My node lost its iSCSI lun due to QNAP bug plaguing the latest rushed update due to the ransomware recently.
What’s the prognosis? Will it recover keeping it online? Or is the trust done? All it takes is 5 min? All data is still in tact, it just lost the LUN and sent the container into a continual reboot cycle for a few mins.
The storagenode has availability check of special file storage/storage-dir-verification and should crash if it’s not readable or doesn’t match the connected identity or storage/blobs is not writeable.
The low suspension score tells that it has had many unknown errors during audits. But your audit score is not yet affected. The suspension score will recover with each successful audit.
So, you just need to wait.
Do you know if there’s a limit on timeout for accessing the file? The container was constantly stopping, then restarting. I turned off the run command for “unless-stopped” for restart behavior to prevent this again.
It should stop if this happens in my case until i can take care of it.

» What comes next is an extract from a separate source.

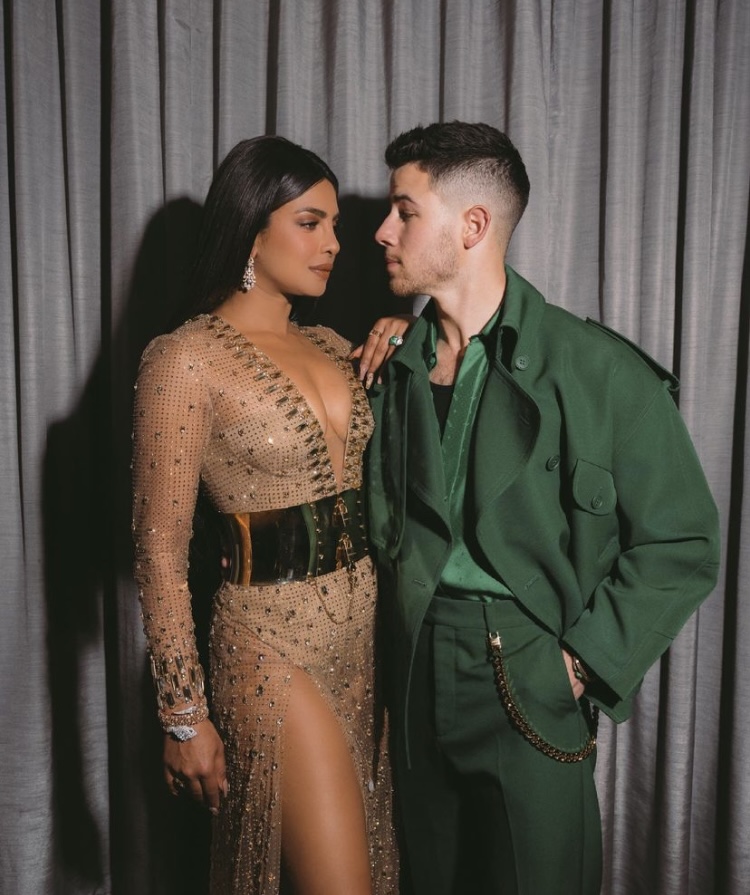 Priyanka Chopra with Nick Jonas in Dolce Gabbana outfit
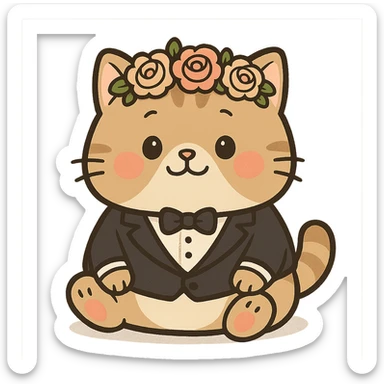 A chubby kitten wearing a tiny tuxedo and a flower crown, in a cute cartoon style sticker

The LUN may have actually been up at times, being EXTREMELY slow, and then disconnecting as well. I did a ls on the dir when i was bringing things down and it took a long time to populate.
The bug with QNAP was that you must specify the network interface that it uses, otherwise i think it starts round-robin’ing and disconnecting.
I would not recommend to use a network protocols for attaching storage at all
See also
PS > & 'C:\Program Files\Storj\Storage Node\storagenode.exe' setup --help | sls verify
--storage2.monitor.verify-dir-readable-interval duration how frequently to verify the location and readability of the storage directory (default 1m0s)
--storage2.monitor.verify-dir-writable-interval duration how frequently to verify writability of storage directory (default 5m0s)
i see it checks every 1m /5m respectively. This doesn’t explain how long it gives before the request fails. with high IO load for example, maybe it waits 1m before either error-ing, or restarting the attempt, meaning the intended result wouldn’t happen in this state.
maybe that’s what devDefault:“30s” does? I would expect it to be something like grace allowed, or expire, time allowed before error, etc,
I agree with no NAS, QNAP NAS anyway… They have already well exceeded my last straw.
TrueNAS scale is next on the list - i really want to secure my data. A single drive is too risky for me. It takes too long to get data back, and you may never see that legacy data again for years and years, if ever.
I mean not devices are not desirable, I mean the network protocols for attaching storage are not desirable, including iSCSI in your case, because your setup is clearly not reliable.
Corrected my response to be more clear.
There is no specific timeout, it depends on underlaying OS.
This is exactly an issue, mentioned here:
My setup has been reliable for 4 years on this NAS. Historically i would disagree. But lately yes, i agree. QNAP has been making some errors with updates. It doesn’t help that this model is EOL either, so they’re probably not paying it much attention.
The risk of trying another iSCSI solution probably carries much more risk than a single drive initially, but it’s the longer term win i’m after.
That’s a good looking issue, thank you for entering it to have Devs look at. In the meantime the iSCSI watchdog is back on.